Table 4 shows the one-way latency at each tier. For collective operations on small messages, latency—not bandwidth—is the bottleneck.

Table 4: Communication Latency Hierarchy: Latency determines whether synchronous training is feasible. TCP/IP is roughly 10\(\times\) slower than InfiniBand NDR, making it unsuitable for gradient synchronization in large clusters.

Interconnect	One-Way Latency	Implication
InfiniBand NDR	~5 μs	Low enough for synchronous AllReduce
InfiniBand HDR	~7 μs	Adequate for most training topologies
RoCE v2	~10 μs	Acceptable for data parallelism
TCP/IP (Ethernet)	~50 μs	Too slow for synchronous training
Cross-data-center	~40,000 \(\mu\)s (40 ms)	Physics floor; async training only

Compute numbers

Raw peak FLOP/s is a necessary but misleading metric for fleet capacity planning. Two multiplicative losses—Model FLOPs Utilization (MFU) and scaling efficiency—reduce effective throughput dramatically. Understanding these losses transforms fleet sizing from guesswork into engineering.

Model FLOPs Utilization (MFU) measures what fraction of peak FLOP/s a training workload actually achieves. Well-optimized large-model training on current hardware achieves 30–50 percent MFU. The gap comes from memory stalls, kernel launch overhead, pipeline bubbles, and suboptimal operator fusion. MFU below the low end of that range signals optimization opportunities; MFU above the high end indicates excellent hardware utilization.

Scaling efficiency (\(\eta_{\text{scaling}}\)) measures how much useful computation survives as accelerators are added. Table 5 shows the empirical ranges for well-optimized distributed training.

Table 5: Scaling Efficiency by Cluster Size: Efficiency degrades roughly as the logarithm of cluster size. These ranges assume well-optimized data parallelism with gradient compression. Poorly optimized systems can lose 2–3\(\times\) more.

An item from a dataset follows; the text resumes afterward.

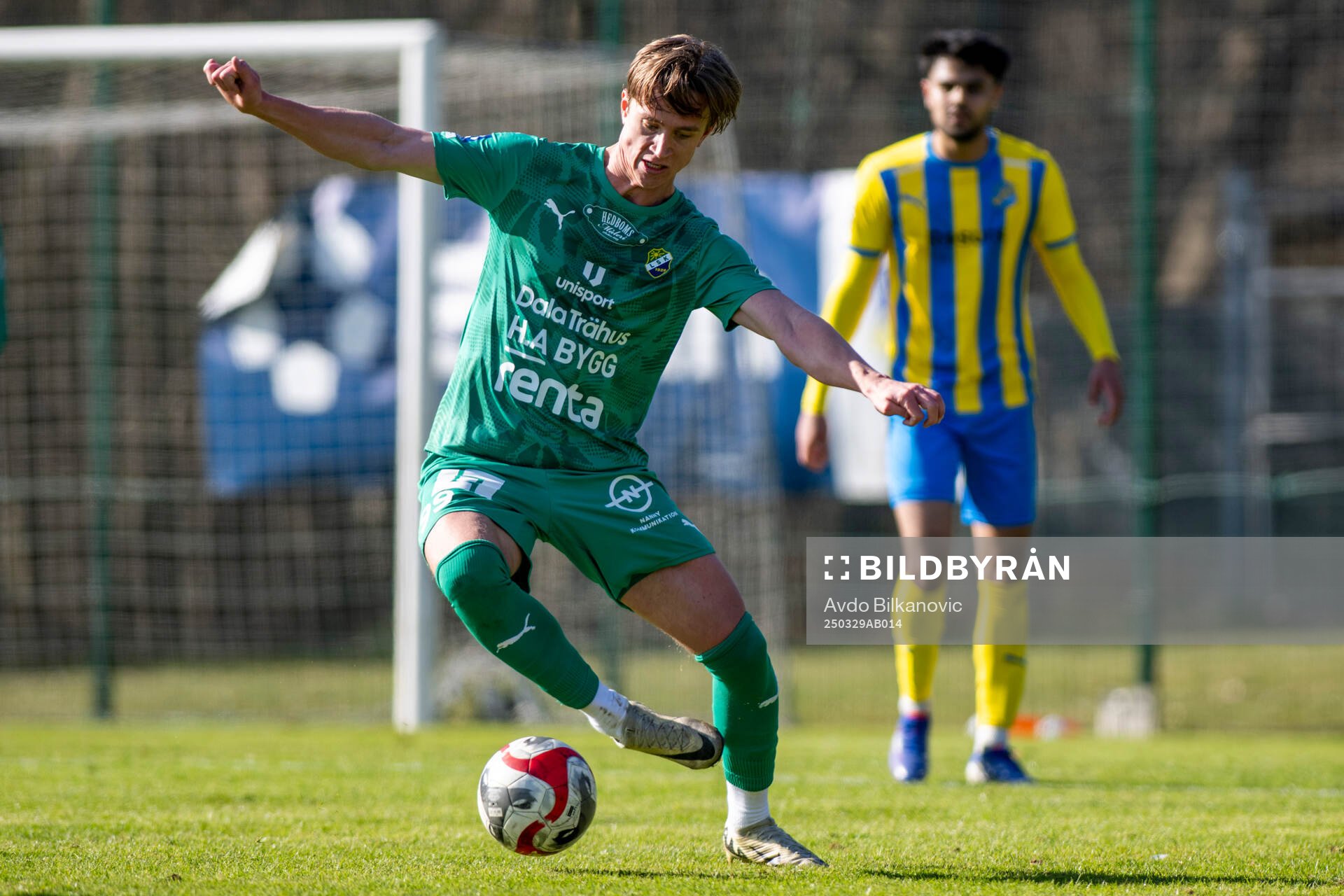 Ljungskile SKs Lukas Lindholm Corner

Cluster Size	Scaling Efficiency (\(\eta_{\text{scaling}}\))	Implication
32 GPUs	~90%	Near-linear scaling; communication is negligible
256 GPUs	~70%	Communication starts to erode throughput
1,024 GPUs	~50%	Significant overhead; optimization critical
8,192 GPUs	~35%	Fleet-scale regime; 65% of compute is overhead

Coordination numbers

At fleet scale, coordination—failure recovery, checkpointing, and maintenance—consumes a measurable fraction of wall-clock time. These numbers quantify the costs of keeping a large cluster running.

Failure rates by cluster size

Table 6 shows how cluster MTBF shrinks with scale, using a per-GPU MTTF of 50,000 hours (~5.7 years). The failure probability column shows the likelihood of at least one GPU failure during a 24-hour training window.

Table 6 translates per-GPU reliability into cluster-level failure cadence, which is the number checkpoint planning must absorb.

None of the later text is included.